## Task goal
Using the records below, write out only the lines from the line containing "The kidneys filter" up to and including the line containing "The first step", exactly, with no pictures.

## Material provided
= = = = =

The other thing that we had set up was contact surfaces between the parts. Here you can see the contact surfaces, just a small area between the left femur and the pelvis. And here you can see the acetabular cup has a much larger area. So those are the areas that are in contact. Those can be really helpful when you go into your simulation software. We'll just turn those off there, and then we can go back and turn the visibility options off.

= = = = =

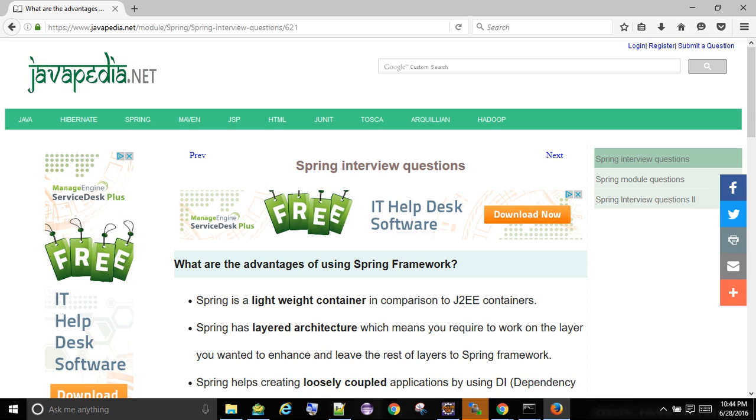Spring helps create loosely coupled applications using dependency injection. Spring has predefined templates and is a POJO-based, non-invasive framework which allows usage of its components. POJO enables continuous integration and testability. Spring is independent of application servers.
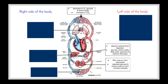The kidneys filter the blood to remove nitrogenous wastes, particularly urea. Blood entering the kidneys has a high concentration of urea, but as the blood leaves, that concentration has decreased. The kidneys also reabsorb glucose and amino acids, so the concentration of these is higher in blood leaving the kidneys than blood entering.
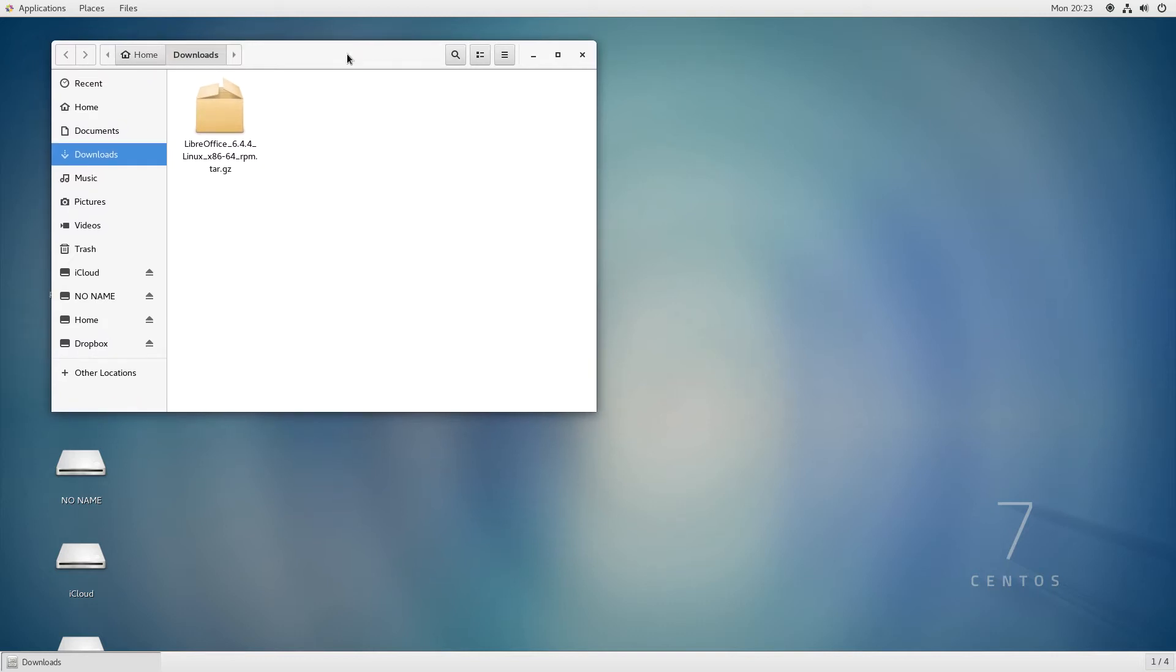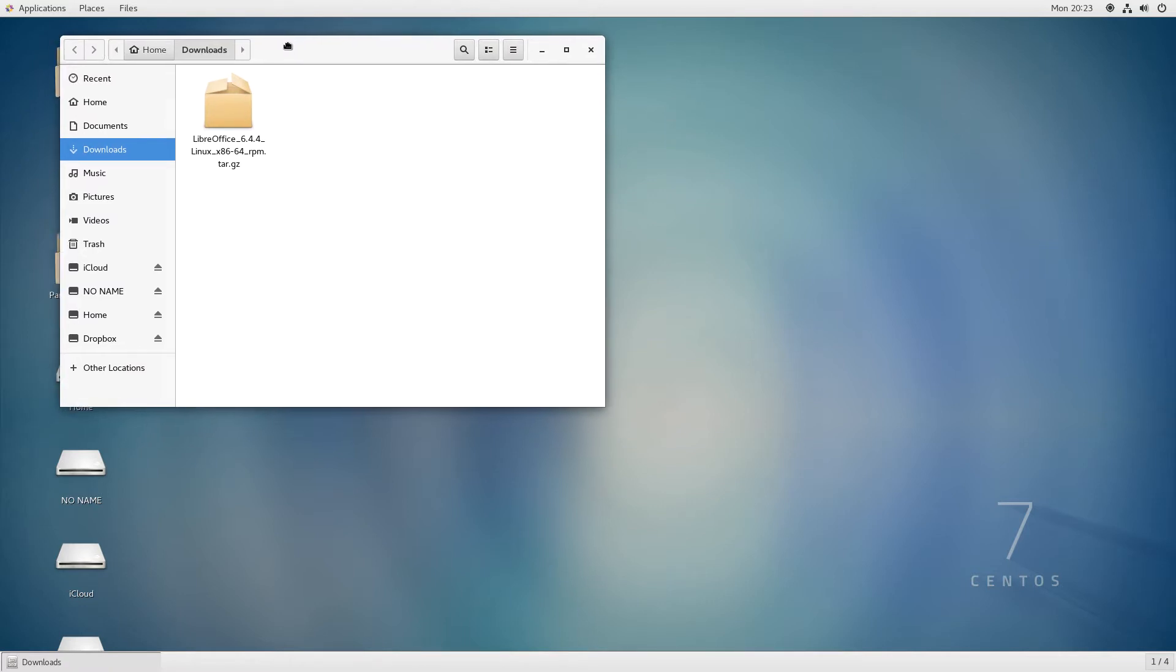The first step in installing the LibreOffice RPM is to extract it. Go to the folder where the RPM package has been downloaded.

= = = = =

## Answer to the problem
The kidneys filter the blood to remove nitrogenous wastes, particularly urea. Blood entering the kidneys has a high concentration of urea, but as the blood leaves, that concentration has decreased. The kidneys also reabsorb glucose and amino acids, so the concentration of these is higher in blood leaving the kidneys than blood entering.
The first step in installing the LibreOffice RPM is to extract it. Go to the folder where the RPM package has been downloaded.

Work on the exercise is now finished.